The term "mass" really isn't being used for different things, but rather one must respect the particular physical framework in order to deduce what it means.
When we can neglect general relativity, then the energy of a system is defined as the conserved quantity associated with time-translation invariance. In flat space, translations in time are (almost) always symmetries of the field theories that describe elementary particles. If translations in space are also symmetries, then we can also define momentum. The mass of a system can then be defined as the value of the energy when the total momentum is zero. To be precise, this is the "inertial" mass of the system.
For an elementary particle, the mass can be identified as a parameter in the equation of motion for the corresponding quantum field. It is this parameter that is directly related to the Higgs mechanism in the Standard Model. For a composite system, the energy of the system involves not only the masses of the elementary constituents, but also the potential energy of the configuration. For example, the ground state of the hydrogen atom has a binding energy of -13.6 eV, so the mass of the hydrogen atom is
$$ m_H = m_p + m_e - 13.6~\mathrm{eV}/c^2,$$
i.e., a bit less than the sum of the masses of its parts.
Now, when we refer to gravitational mass, we're usually talking about the Newtownian limit of general relativity. In this case, the notion that the gravitational and inertial masses are identical is part of the collection of ideas known as the
equivalence principle. There is no proof of the equivalence principle in general, but the Standard Model of particle physics is consistent with it.
In general relativity proper, it is not just mass that acts as a source for gravity, but all forms of energy. In fact, the relevant object that appears in the Einstein field equations of GR is the stress-energy tensor. The stress-energy tensor is just a fancy way of expressing the conserved quantities associated with translations in time and space, which I said earlier were just the energy and and momentum. Note that having gravity couple to the energy is actually required from the observation that the mass of a bound state also involves a contribution from the potential energy of the system. It would not be consistent (in the Newtonian limit) for gravity to ignore this contribution.
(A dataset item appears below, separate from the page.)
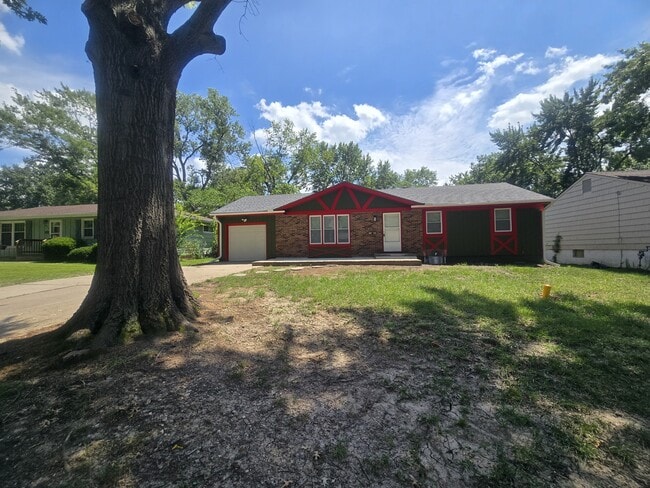 8013 E 133rd St in Grandview, MO - Building Photo - Building Photo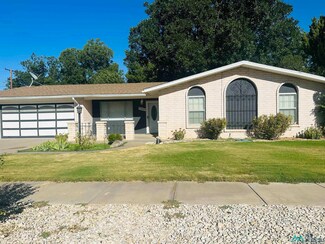 3005 Catalina St, Roswell, NM 88201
Now, in a field theory describing elementary particles, like the Standard Model, or even some sort of string theory, every particle in the theory (not just the graviton) contributes to the stress tensor. So every particle, massive or massless, is a source for gravity and therefore spacetime curvature. It is therefore not true that only the graviton is responsible for geometry: any matter will curve the geometry around it.
The graviton is special, since it represents a localized excitation of the metric field. In fact, this manifests itself in the requirement that every other field must have a nonzero coupling to the graviton field. This is different from the other fundamental interactions, where an elementary particle must have a corresponding nonzero charge to participate in the interaction. For example, electrons and quarks are electrically charged, so they can participate in electromagnetic interactions involving photons. However, particles like neutrinos and the Higgs particle are electrically neutral, so they don't directly interact with photons.
Gravity and gravitons are different, since every particle has a nonzero gravitational charge corresponding to its energy. In a certain sense, this coupling to the graviton is one way to represent precisely how a given particle influences the geometry around it.